The hidden sectors must be set to 0 for diskette file systems, including "super floppy" formats (larger than the usual 1440 KiB or 2880 KiB types). For primary partitions it gives the LBA of the partition within the whole unit. For logical partitions it may or may not be accurate, as these traditionally weren't bootable the argument for the boot loader use isn't as certain.

You can query the BPB from a block device driver. (Walk the DPB / DDSC chain to associate DOS drives with the block device driver and the driver's unit number.) This will contain the hidden sectors, but again it is unclear whether these are always the total-unit LBA number or something else. And the int 13h unit number is not contained in the BPB, but in the UPB / UDSC / DDT which is a structure internal to the block device driver. The UPB chain is what you get from 2F.0803.

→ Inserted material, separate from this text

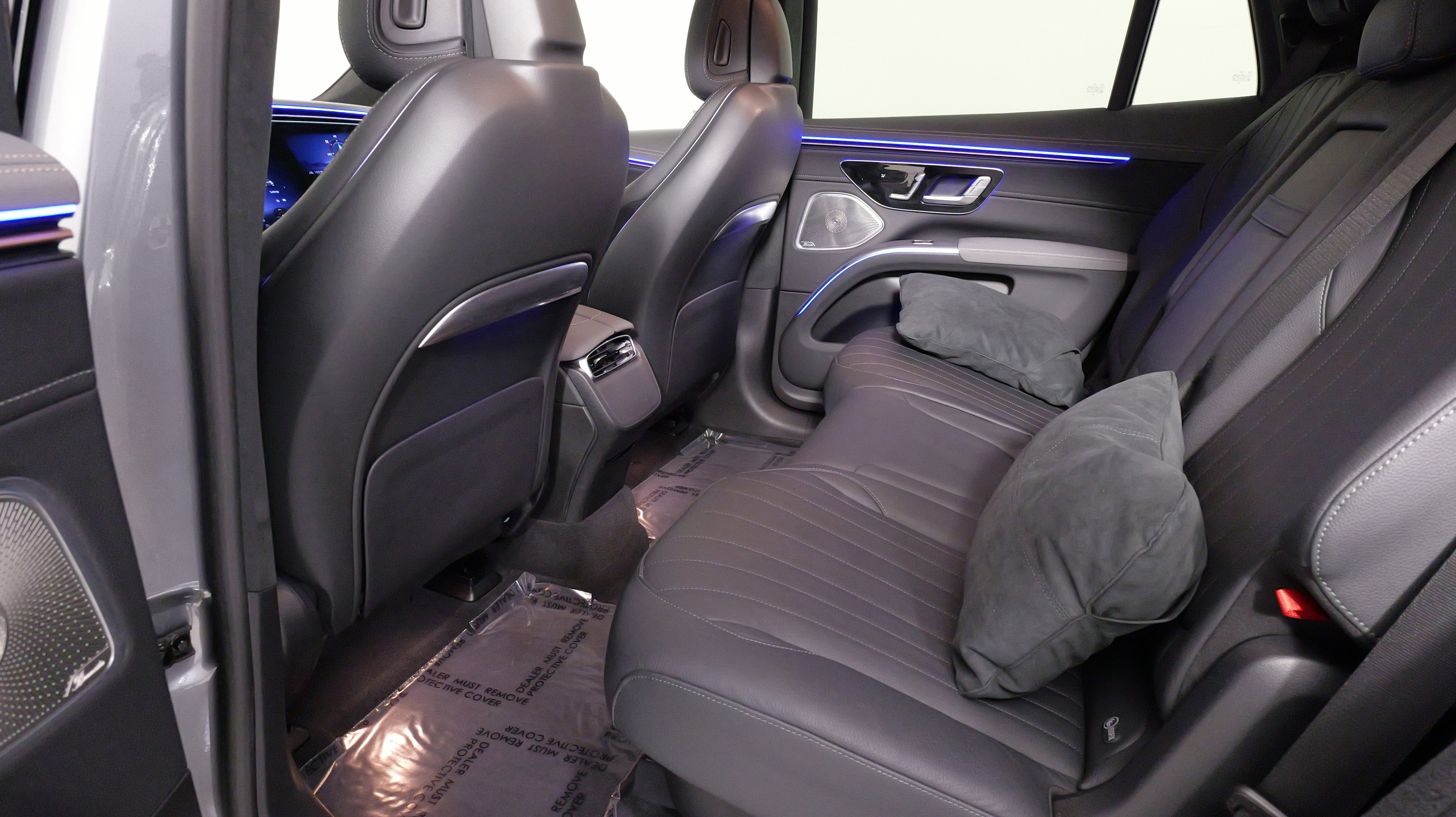 Used 2024 Mercedes-Benz EQS 450+ 4MATIC SUV image 41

For an example, EDR-DOS's bdosldr queries for the BPB of the block device unit and then compares the int 13h unit number and hidden sectors. In EDR-DOS the hidden sectors are always the unit-absolute LBA number. This is also true of the lDOS fork of MS-DOS v4 now.

In FreeDOS I think you currently would have to read the "ddt_offset" field: https://github.com/FDOS/kernel/blob/1cc00e194dd969d30c78775c67a1df44af307abf/hdr/device.h#L239

@mateuszviste
Copy link
Collaborator Author

"guys" is gender neutral these days (or so I've been told). Sorry if you felt offended, was of course not my intention. :-)

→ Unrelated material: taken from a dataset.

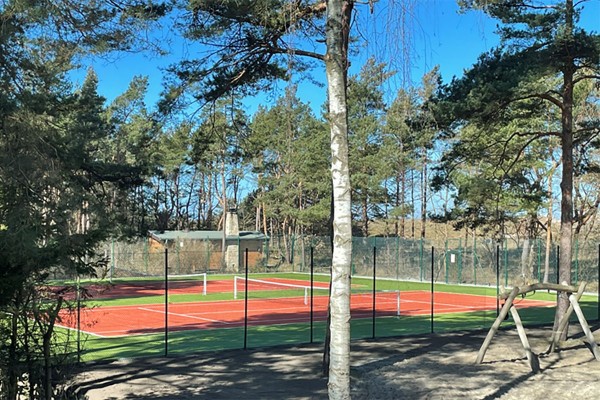 Tennis am Meer Bild 1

Thanks for your clarifications. When you say "BPB" it seems you really mean "DDT" (or "UDSC" as Bernd calls it)? This is what confused me - Bernd also referred to "hidden BPB fields" earlier so I thought this is about some undocumented fields in the BPB.

Now I understand this is still about the struct returned by int 2Fh,AX=0803h. This struct includes a 32-bit "number of hidden sectors" at offset 11h, and so this is supposed to be "the number of disk sectors existing before the partition", is that right?. If so, that would definitely solve my problem, since I would "only" have to translate the CHS geometry found in the MBR to a number of sectors to match the entries (or use the LBA address of first sector from MBR, but this field might not be always set properly). I will investigate this.

@boeckmann
Copy link
Collaborator

The offset 11h is for the "hidden sectors" inside BPB. The UDSC includes a BPB at offset 6, so it is at offset 17h from the UDSC start. As @ecm-pushbx noted, this value is always absolute in EDR and stores the partition offset from the start of the disk. You can use this to match partitions with the partition table stored in the MBR. For this you better ignore the CHS values and only rely on the LBA values stored in the partition table. On FreeDOS you have to use another offset. There it is stored in the 32 bit ddt_offset.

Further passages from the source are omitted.